BEGIN

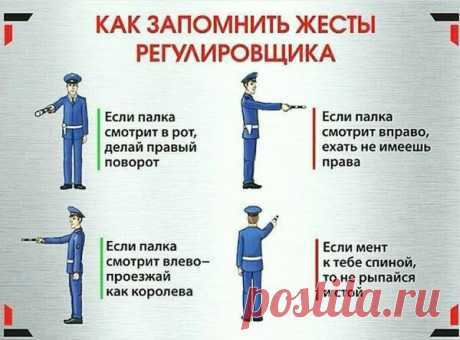 Интересный сайт PulsON — только самые необычные, любопытные и интересные новости в картинках! - Часть 15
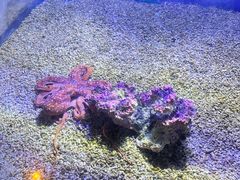 -哈尔滨波塞冬海底世界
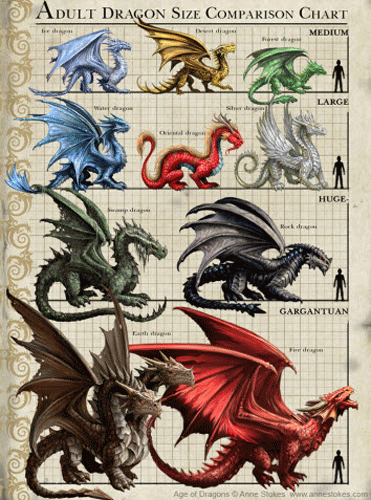 Download Anne Stokes Dragon Size Anatomy Comparison Chart Canvas Picture Wall Art For Sale Online Ebay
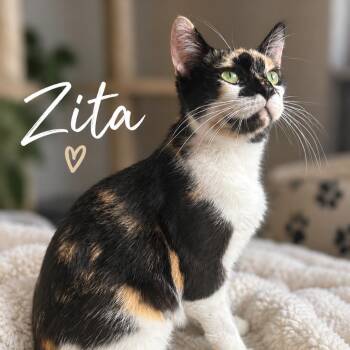 Zita -  Domestic Short Hair Cat for Adoption in Inman, South Carolina - Zita | PetCurious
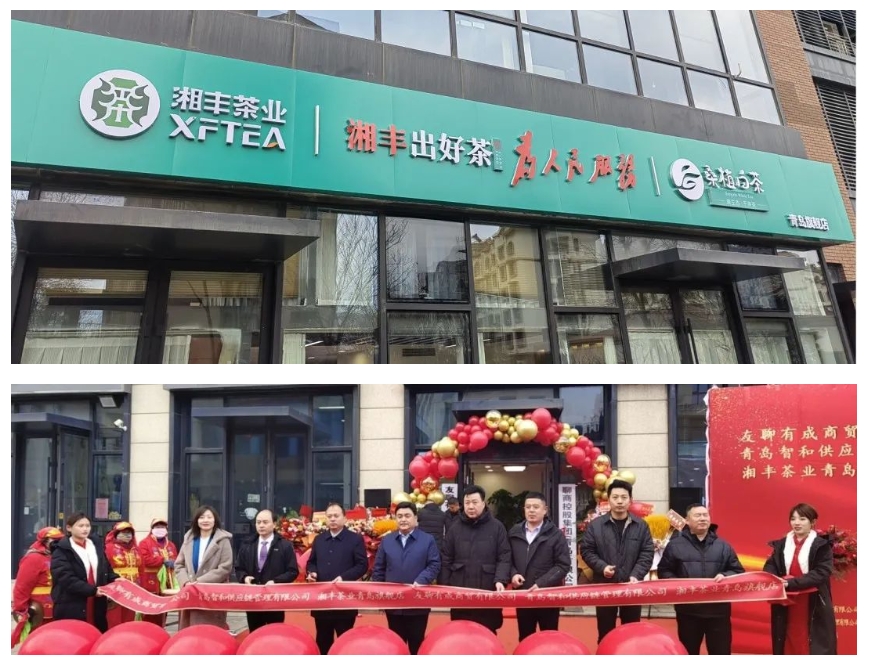 青島旗艦店盛大開業！湘豐茶業集團全國布局再下一城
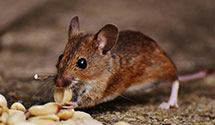 24 Hour & Emergency Exterminators in Ruby, AK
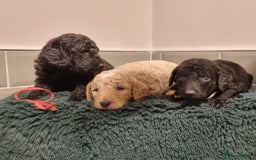 Mixed Breed dogs for sale: Moyen Poodles - Image 3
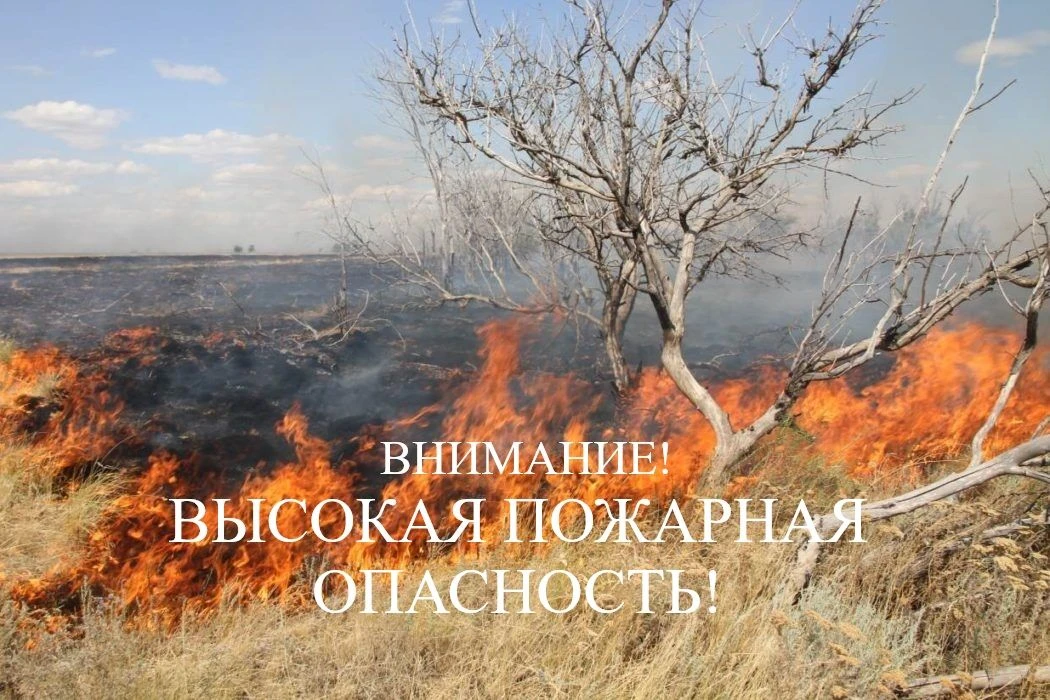 ГАУ ХО «Новотроицкий лесхоз» информирует о высокой пожарной опасности на территории Херсонской облас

END

From the records above, copy only the lines running from the line holding "-哈尔滨波塞冬海底世界" through the line holding "青島旗艦店盛大開業！湘豐茶業集團全國布局再下一城", with no pictures.

#### ANSWER BELOW
 -哈尔滨波塞冬海底世界
 Download Anne Stokes Dragon Size Anatomy Comparison Chart Canvas Picture Wall Art For Sale Online Ebay
 Zita -  Domestic Short Hair Cat for Adoption in Inman, South Carolina - Zita | PetCurious
 青島旗艦店盛大開業！湘豐茶業集團全國布局再下一城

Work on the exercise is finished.